Except when it comes to kitschy Los Angeles landmarks.
For such bastions of Americana, I’ll even suspend my ordinarily meat-free diet and embrace a plate full of it, enclosed in a bun and overflowing with too brightly hued condiments.
Enter Pink’s — a Hollywood mainstay since 1939.
More than seventy years ago, Paul Pink first parked his pushcart full of chili dogs at the intersection of Melrose and La Brea. His hot dogs became so popular that, seven years later, Mr. Pink upgraded to a permanent establishment on the very same corner — out of which the Pink family still dishes up meaty treats to throngs of customers, locals and tourists alike.
Unable to remember the last time I had filled my belly with such forms of sustenance, I figured that my plans to see Judd, a fellow native New Yorker/high school friend now living in West Hollywood, provided the perfect opportunity to pop my Pink’s cherry.
Meeting there at 8:30 p.m. on a Tuesday night enabled us to avoid the labyrinthine queue that customarily assembles outside Pink’s on any given weekend night. We had only a few moments to scan the extensive menu, which has clearly been supplemented since Pink’s inaugural days. For instance, I was particularly drawn to the Patt Morrison Baja Veggie Dog, a vegan “hot dog” topped with guacamole, onions and tomatoes.
But I hadn’t come to Pink’s to play it safe.
After all, if you’re gonna go, go big. Right?
And so I did: a hot dog, drowned in chili and sauerkraut, and then smothered in ketchup and mustard. Oh, and a heaping portion of colossal, well-bronzed onion rings.
Childhood fans of Gray’s Papaya (a younger, but equally well-loved New York City hot dog mini-chain) and the ubiquitous food carts gracing countless city corners, Judd and I were a tough audience. My ultimate conclusion was that I preferred Gray’s Papaya’s toasted buns, but that Pink’s onion rings were a crispy force with which to be reckoned.

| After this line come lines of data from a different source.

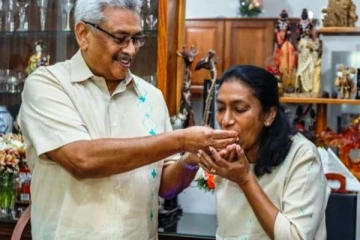 புது வீட்டிற்கு குடிபெயர்ந்த கோட்டாபய!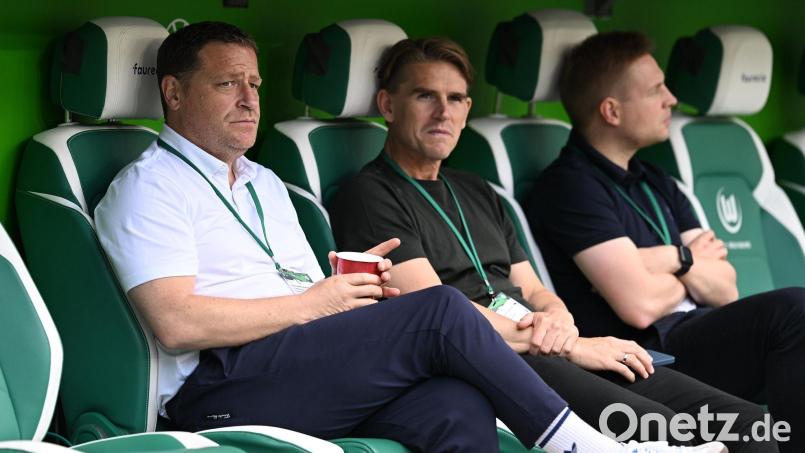 In Wolfsburg im Gespräch: Bayern-Sportchef Christoph Freund (M.) (Archivbild) Bild: Swen Pförtner/dpa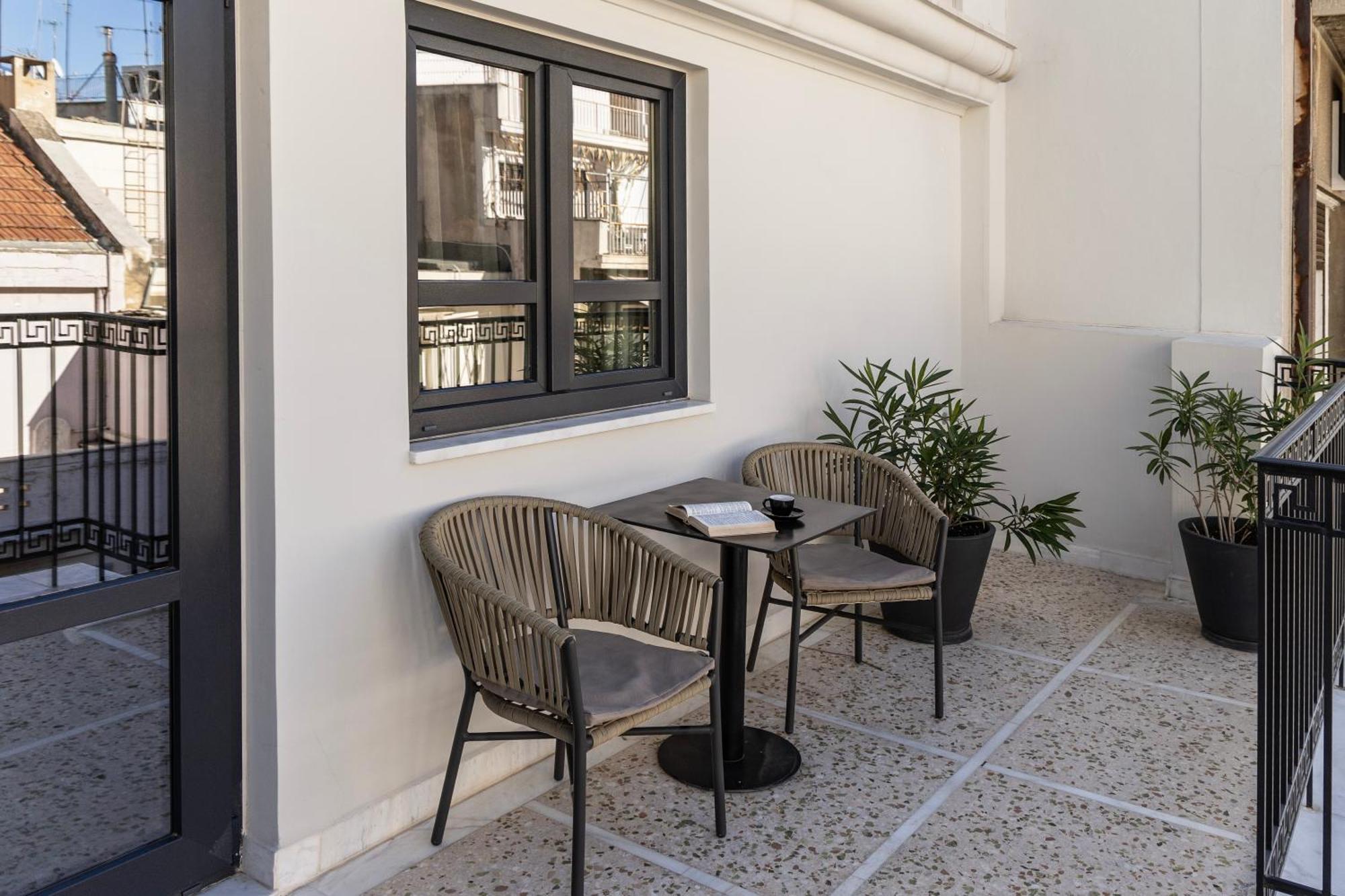 Oniro City Athena Bagian luar foto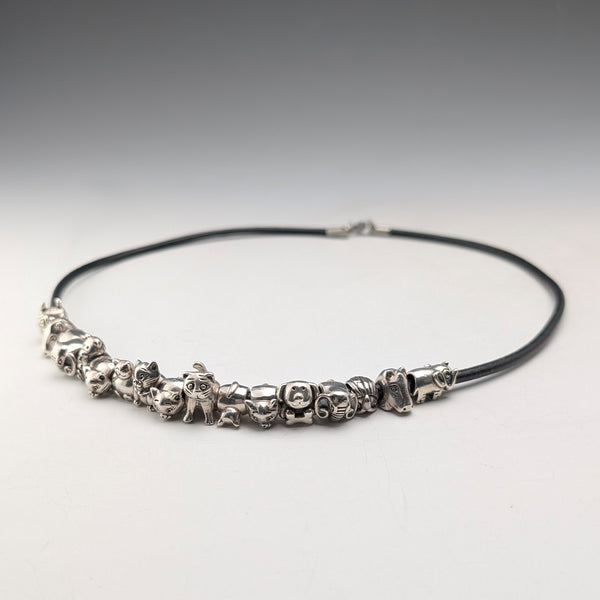 復古純銀動物珠子總重 56 克,搭配皮革項鍊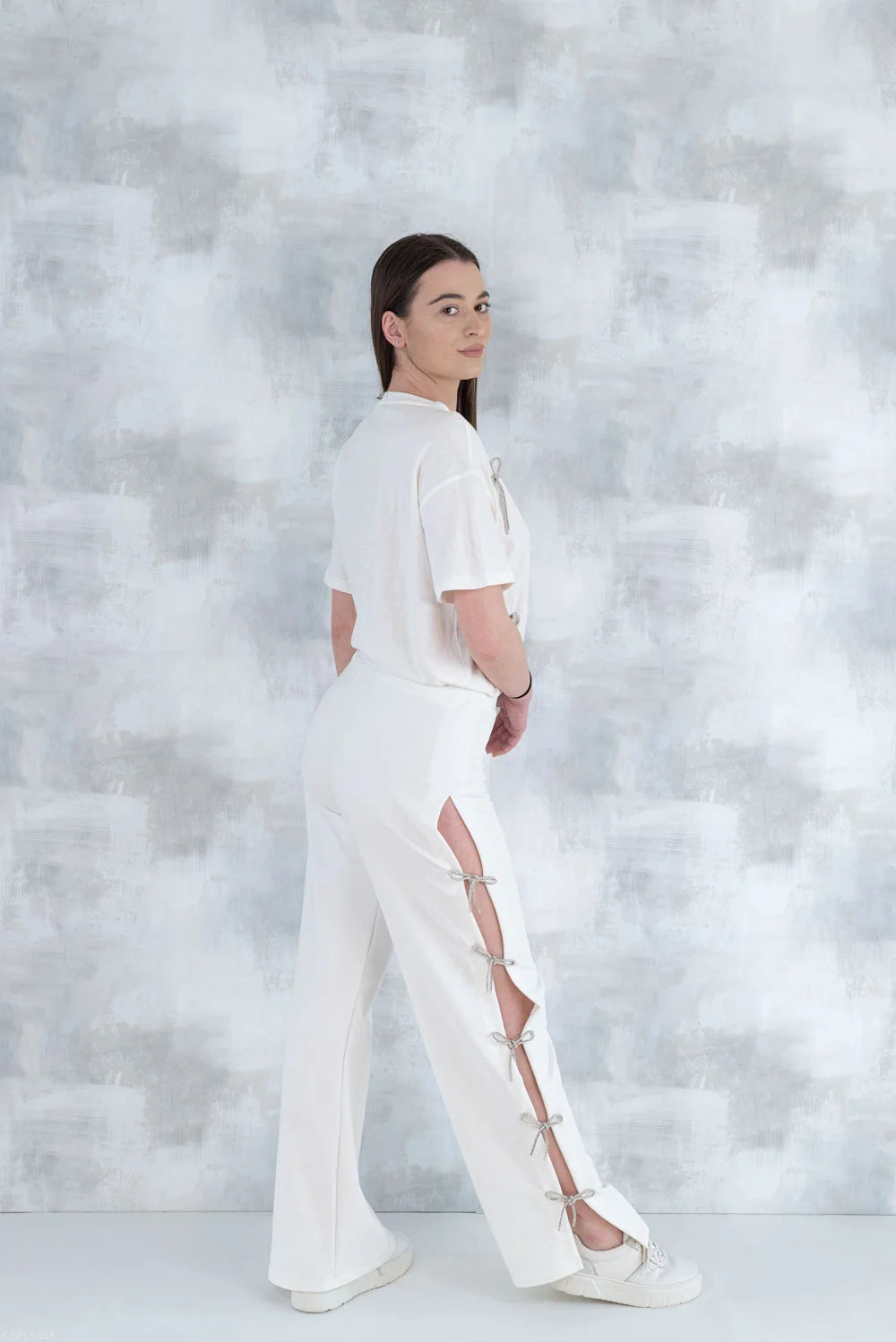Compleu chic alb cu fundite – tricou&pantaloni 5011 - NIZIA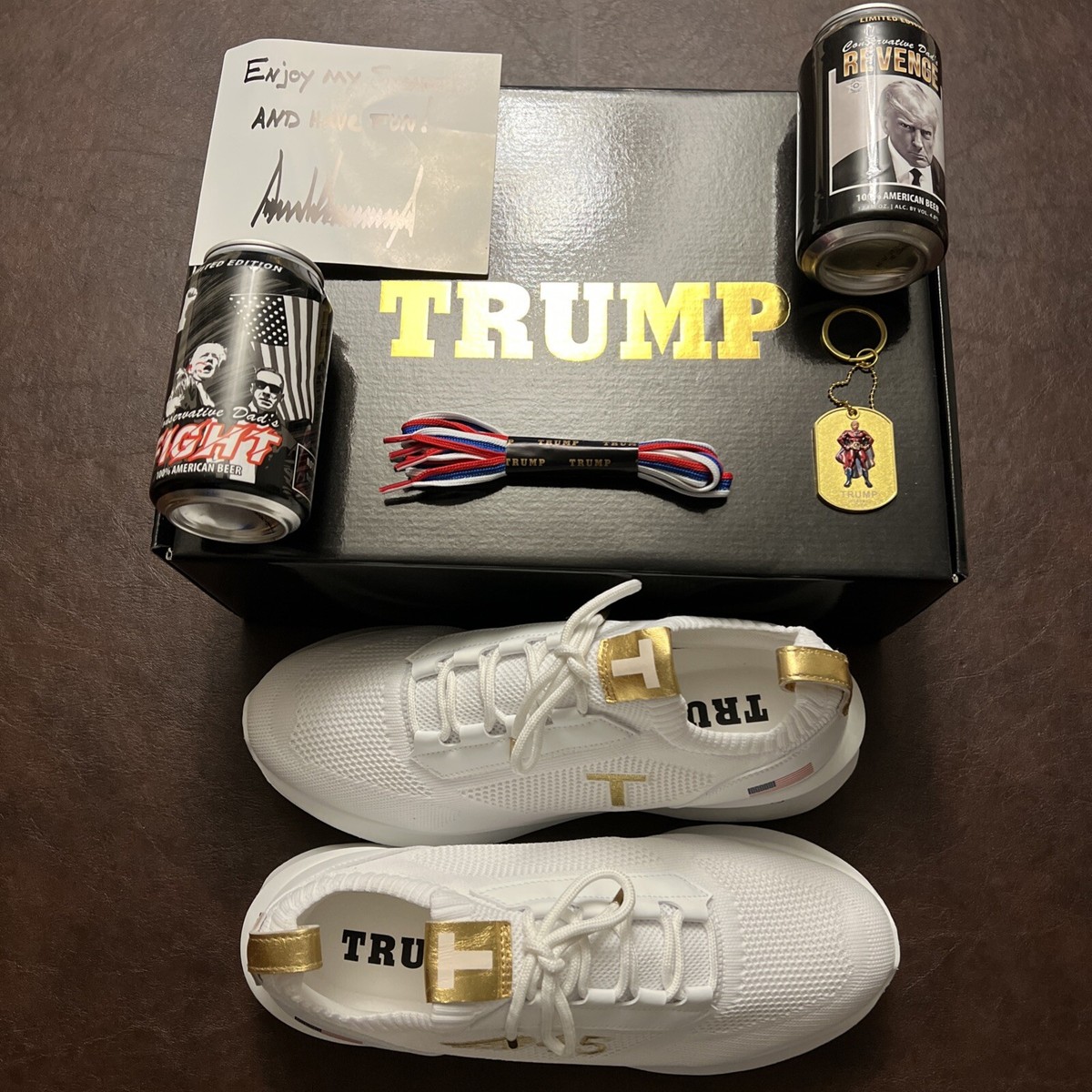 LOT PRESIDENT DONALD TRUMP POTUS T 45 US SNEAKERS MENS WHITE  display picture 1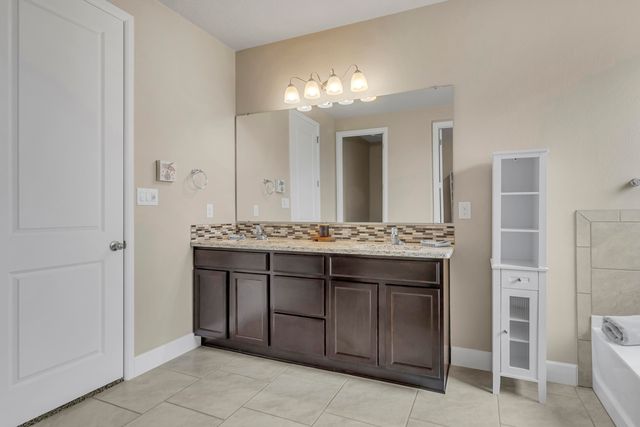 8609 Forecast Court NW, Albuquerque, NM 87120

After eating all that we could stomach, Judd and I caught up on life, as our arteries processed the veritable shock into which we had sent them.
As we tossed our chili-stained plates into the trash and headed south to the Little Bar for a post-feast beer, I was delighted, after all these years, to have finally crossed Pink’s off my to-do list.
And when I awoke the following morning, I was even more elated — I hadn’t needed a dose of a certain over-the-counter medication of the same color.